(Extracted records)
↓↓↓
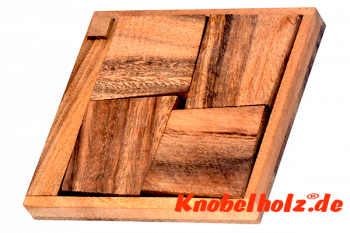Possible Pack Puzzle Holz Legespiel in Holzbox mit den Maßen 11,5 x 10,2 x 1,4 cm samanea wooden brain teaser 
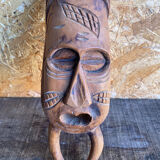 Sculpture African Mask Handcrafted Carved Wood Vintage #D882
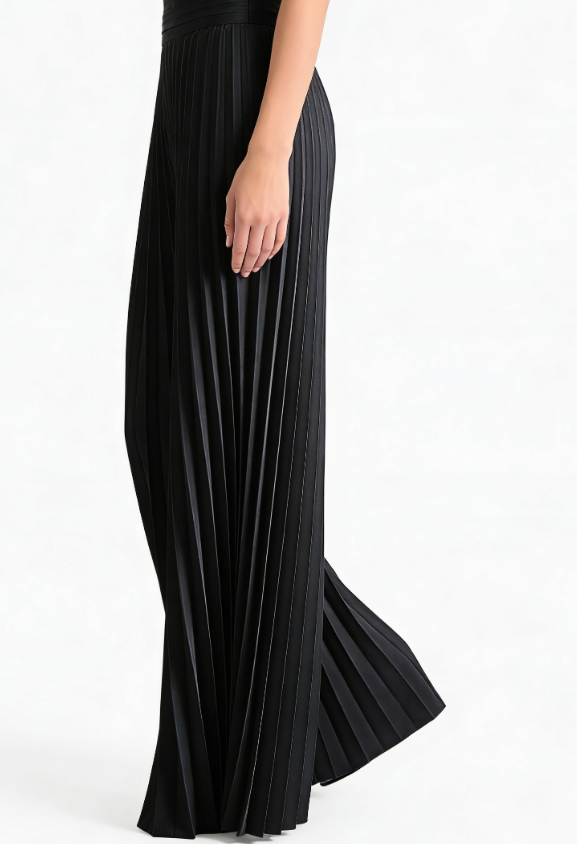 Elegant Stone Black Pleated High-Waist Palazzo Trousers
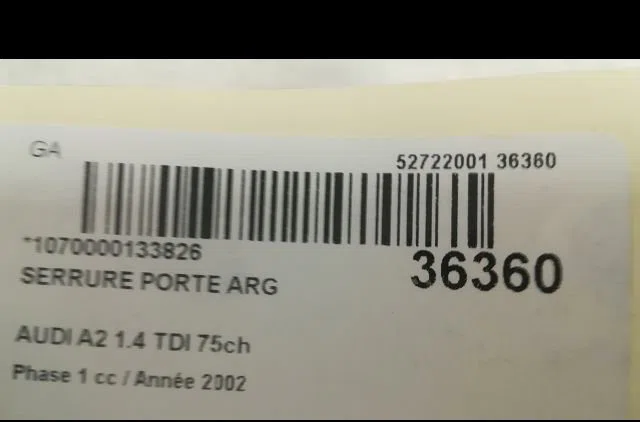Serrure porte arg AUDI A2 2002 occasion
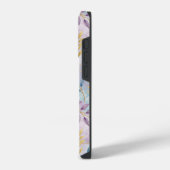 Elegant Gold Botanical Marble Mongram iPhoneケース (左側面)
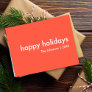 Coral Red Holidays | Modern Minimal Stylish Holiday Card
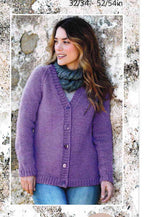 Woman's Easy Beginners Cardigans- V neck- shawl collar Chunky-12 Ply Bulky Cardigans~ fits 32 - 54" chest- Download Knitting Pattern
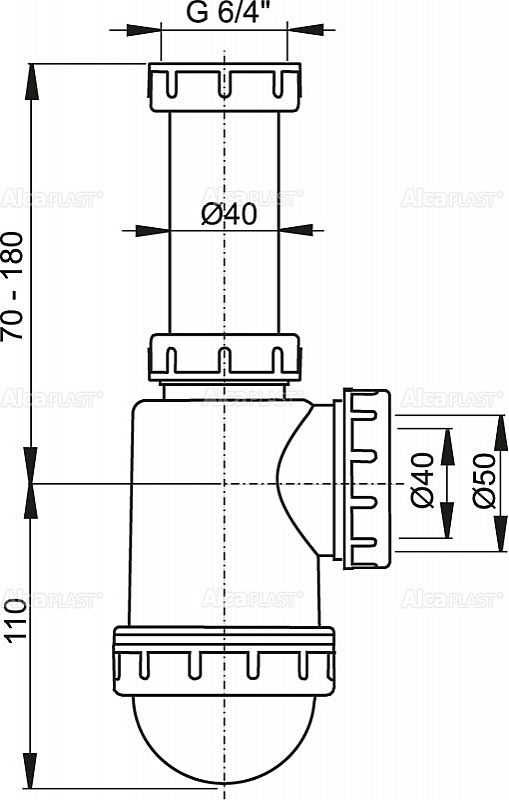 Alcadrain A443 sifon dřezový DN50/40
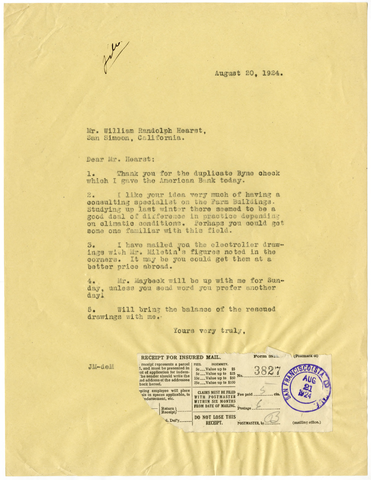 Letter from Julia Morgan to William Randolph Hearst, August 20, 1924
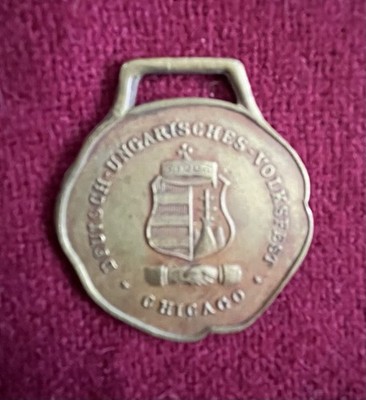 Vintage Souvenir Watch Fob German-Hungarian Folk Festival Chicago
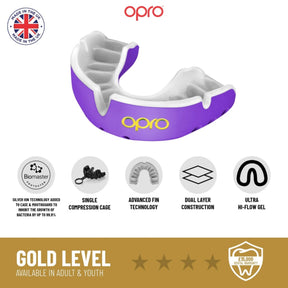 Opro Gold Self-Fit Junior Mouthguard: Black/Gold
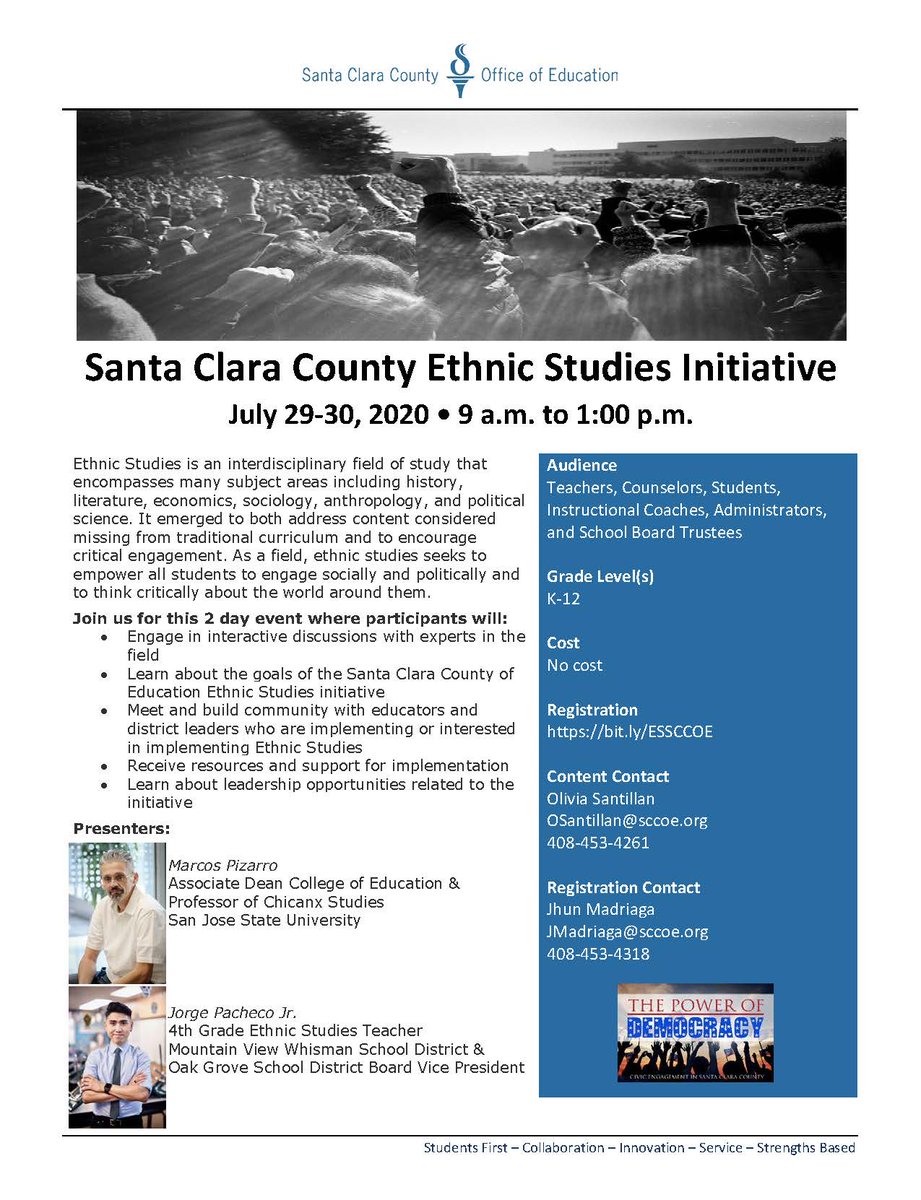 SantillanOlivia's tweet photo. Ethnic Studies Initiative launching July 29th &amp; 30th- please join us! To register &amp; more info: https://t.co/MCA7jDIVRi @CivicSantaClara @LauraHistoryOG @MET_SCCOE @ElGovEcon  #Region5HSS https://t.co/gEYfrVt3dk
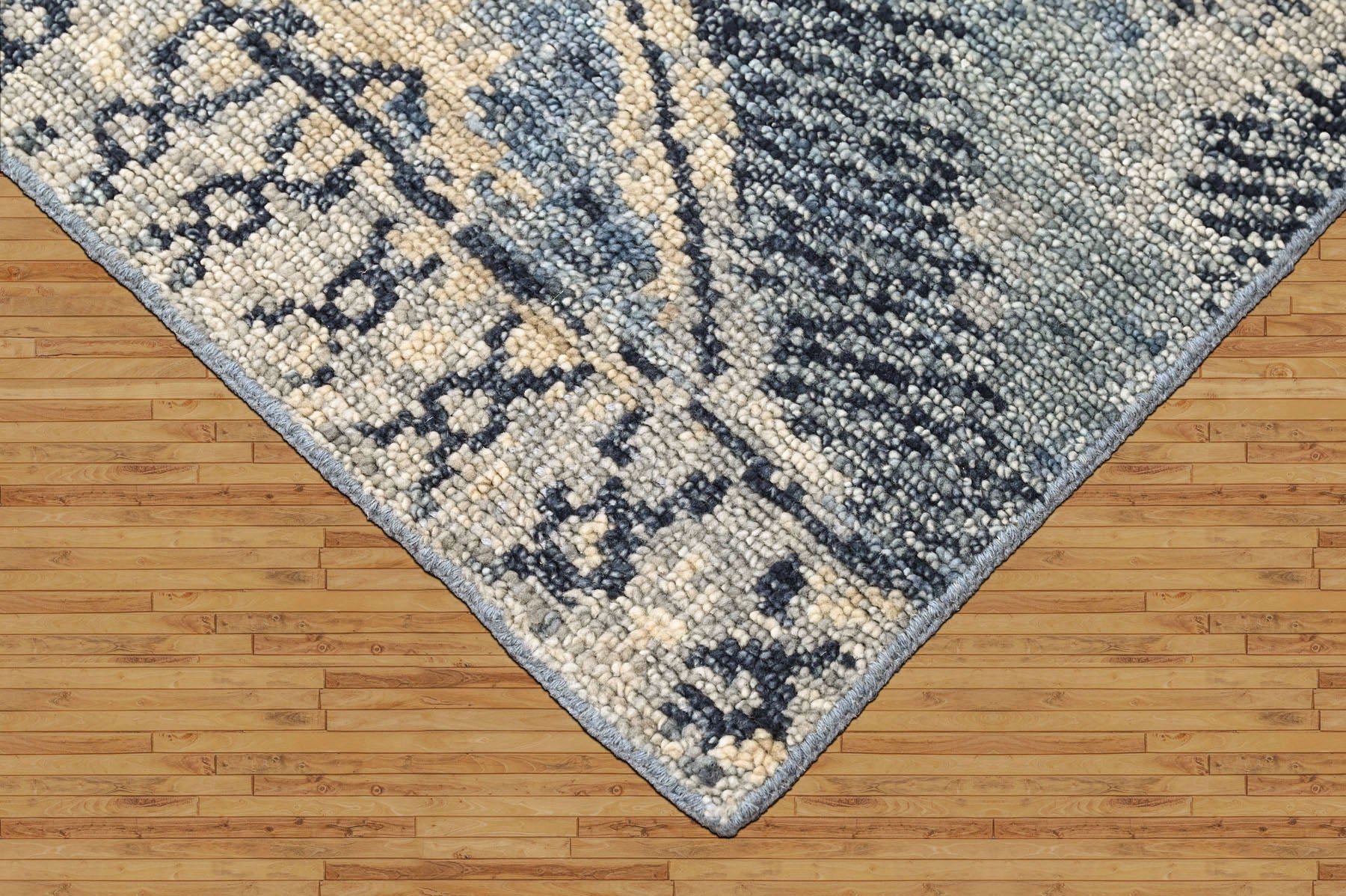 Blue Multi Size Tribal Moroccan Hand Knotted Wool Oriental Area Rug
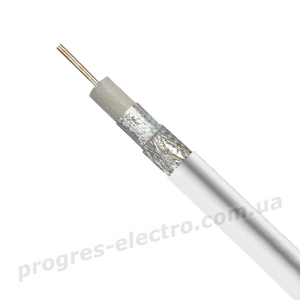 Коаксіальний кабель RG-6 Біметал Білий Коаксіальний кабель RG-6 Біметал Білий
↑↑↑
Task description: Take each line from the records and copy it unchanged, leaving images out.

Output for this task:
Possible Pack Puzzle Holz Legespiel in Holzbox mit den Maßen 11,5 x 10,2 x 1,4 cm samanea wooden brain teaser 
 Sculpture African Mask Handcrafted Carved Wood Vintage #D882
 Elegant Stone Black Pleated High-Waist Palazzo Trousers
Serrure porte arg AUDI A2 2002 occasion
 Elegant Gold Botanical Marble Mongram iPhoneケース (左側面)
 Coral Red Holidays | Modern Minimal Stylish Holiday Card
 Woman's Easy Beginners Cardigans- V neck- shawl collar Chunky-12 Ply Bulky Cardigans~ fits 32 - 54" chest- Download Knitting Pattern
 Alcadrain A443 sifon dřezový DN50/40
 Letter from Julia Morgan to William Randolph Hearst, August 20, 1924
 Vintage Souvenir Watch Fob German-Hungarian Folk Festival Chicago
 Opro Gold Self-Fit Junior Mouthguard: Black/Gold
 SantillanOlivia's tweet photo. Ethnic Studies Initiative launching July 29th &amp; 30th- please join us! To register &amp; more info: https://t.co/MCA7jDIVRi @CivicSantaClara @LauraHistoryOG @MET_SCCOE @ElGovEcon  #Region5HSS https://t.co/gEYfrVt3dk
 Blue Multi Size Tribal Moroccan Hand Knotted Wool Oriental Area Rug
 Коаксіальний кабель RG-6 Біметал Білий Коаксіальний кабель RG-6 Біметал Білий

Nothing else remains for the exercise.